In the picture of the vineyard, we must make sure we know who we are. We are the branches. Our only one job is holding on to Jesus, the vine. By doing so we will fulfill our solitary purpose: bearing fruit. Literally all of the other work that takes place in the vineyard will be done by the gardener. That’s God. Not me. Not you. Our job is to allow Him to work through us by staying connected to the vine. Meditate today on who you are and what you’re called to do. Clinging. Remaining. Connecting. Holding on. Abiding. That’s all, nothing else.
Jesus had a last request. He knew what was facing Him in the next day, but His last prayer was not for Himself, but for you. For all of us. Jesus prayed for His followers. Jesus’ prayer is a wonderful window into God’s will for us. Be an answer to Jesus’ prayer this week. Go through His prayer line-by-line to see how. This weekend, as the global Church unites to celebrate His resurrection, let’s look for ways to be one with God and one with each other. Make Jesus’ prayer your prayer, that the world will see His glory and come to know Him through our unity and God’s love.
Put yourself in the place of the first followers of Christ who were there at His death. Your heart would be broken. Your mind would be racing. This isn’t anything at all like what was supposed to happen to the King of the Jews. He was supposed to set everything right. Mend what was broken. Restore what was lost. But now, it would seem, all is lost. Everything is broken. Nothing is right. Spend some time today trying to live in that space between the cross and the empty tomb. After hope has left. Before grace has come. Use that feeling to fuel your prayer for someone you know that lives there every day. Ask God to show you how to reach out to them and invite them into your Easter observances this weekend.
Paul wrote in Philippians 3 that he wanted “to know Christ and the power of his resurrection and the fellowship of sharing in His sufferings, becoming like Him in His death.” Although it seems impossible to want to experience this horrific scene, the miracle this story offers is that we can truly know Christ. When we look at the peace, joy, serenity, and grace shining through all the violence, you can see the beauty of becoming like Him in His death. How simple His life had been trusting wholly on God. He had no earthly care but a mother who He entrusted to His best friend. His only asset was a robe that fell to a gambling guard. That simplicity. That clarity of focus. That devotion to God’s purpose. That complete trust in His Father. That is something to long for.

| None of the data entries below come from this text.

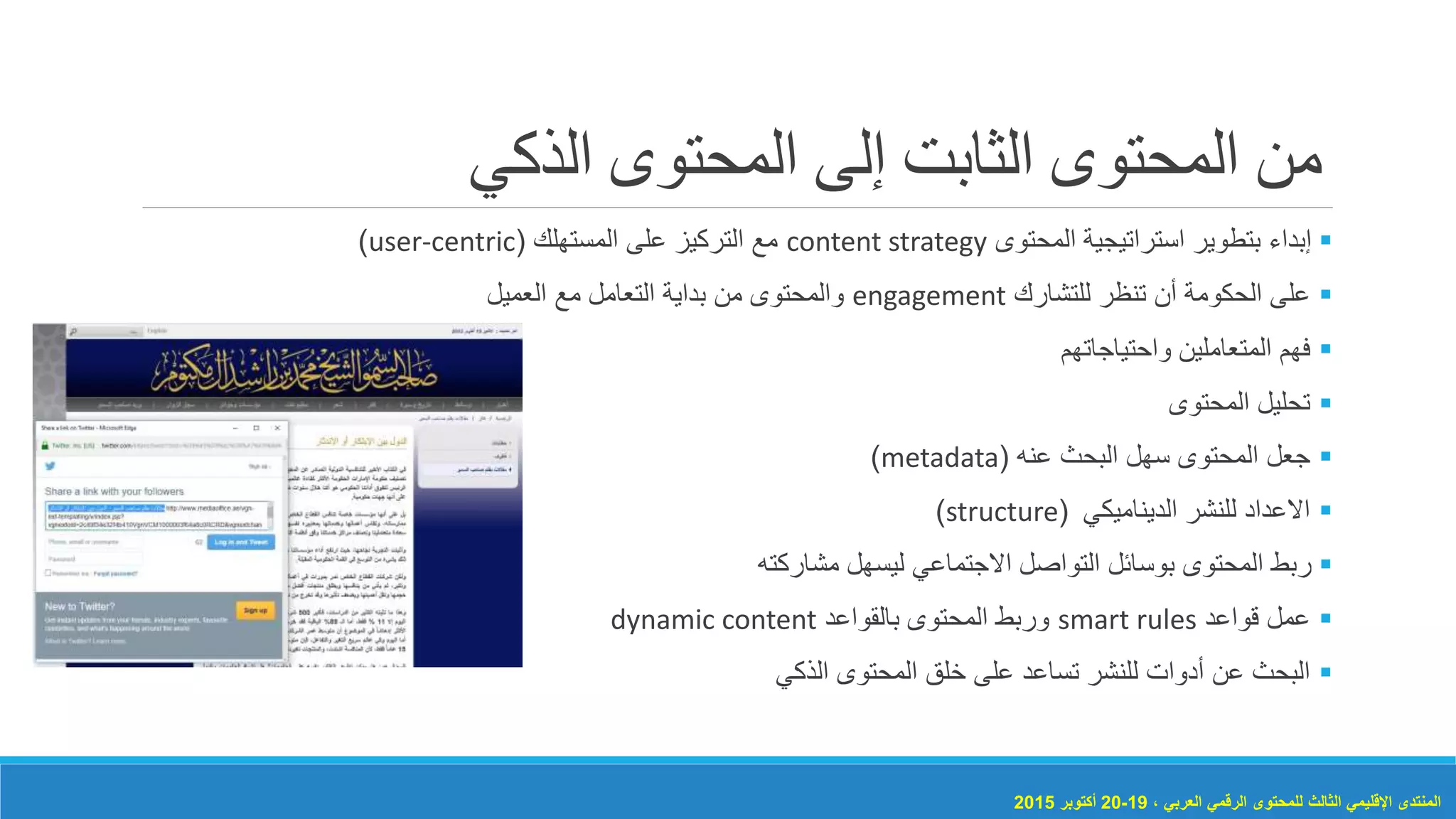 ‫الذكي‬ ‫المحتوى‬ ‫إلى‬ ‫الثابت‬ ‫المحتوى‬ ‫من‬
‫المحتوى‬ ‫استراتيجية‬ ‫بتطوير‬ ‫إبداء‬content strategy‫المستهلك‬ ‫على‬ ‫التركيز‬ ‫مع‬(user-centric)
‫للتشارك‬ ‫تنظر‬ ‫أن‬ ‫الحكومة‬ ‫على‬engagement‫العميل‬ ‫مع‬ ‫التعامل‬ ‫بداية‬ ‫من‬ ‫والمحتوى‬
‫واحتياجاتهم‬ ‫المتعاملين‬ ‫فهم‬
‫المحتوى‬ ‫تحليل‬
‫عنه‬ ‫البحث‬ ‫سهل‬ ‫المحتوى‬ ‫جعل‬(metadata)
‫الديناميكي‬ ‫للنشر‬ ‫االعداد‬(structure)
‫مشاركته‬ ‫ليسهل‬ ‫االجتماعي‬ ‫التواصل‬ ‫بوسائل‬ ‫المحتوى‬ ‫ربط‬
‫قواعد‬ ‫عمل‬smart rules‫بالقواعد‬ ‫المحتوى‬ ‫وربط‬dynamic content
‫الذكي‬ ‫المحتوى‬ ‫خلق‬ ‫على‬ ‫تساعد‬ ‫للنشر‬ ‫أدوات‬ ‫عن‬ ‫البحث‬
، ‫العربي‬ ‫الرقمي‬ ‫للمحتوى‬ ‫الثالث‬ ‫اإلقليمي‬ ‫المنتدى‬19-20‫أكتوبر‬2015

The woman broke her jar and poured out all of her perfume. She lavishly wasted everything that was of value to her. Breaking her jar effectively eliminated any chance of keeping any for her own use, then or later. She gave everything she had-past, present, and future-to Him. Jesus said that people would remember her remarkable love forever. Then at the last supper, those same words appeared again. He broke His body and poured out His blood for us. This time when you read Jesus saying, “Do this in remembrance of me,” don’t just picture crackers and grape juice. See communion as a picture of what it calls us to. He was beckoning us to do what He did: be broken and poured out. Go all in. Hold nothing in reserve. Completely relinquish control. That’s what would truly commemorate what Jesus did. Not cherishing a ritual, but being a memorial. What should “broken and poured out” look like in your life?
On this awesome day, we’ll spend time meditating on the cross, the empty grave and all that it has given us. But let’s also meditate on the task this day calls us to “go and make disciples…” The pure gospel that Christ passed on to His disciples was the good news of a grace to be passed on, not just received. Jesus left His disciples equipped to make other disciples, to bear fruit. We can tell it worked because the people that they made disciples of were making disciples too. And so it has been passed on for two thousand years. But probably in every generation, certainly in ours, sometimes the gospel we spread mutates into something weaker. Instead of truly bearing fruit, we cultivate seedless grapes. As we spend time worshiping and thanking God today for the grace we have received, let us pray to be more challenged than ever to pass on that grace and to live out the Great Commission.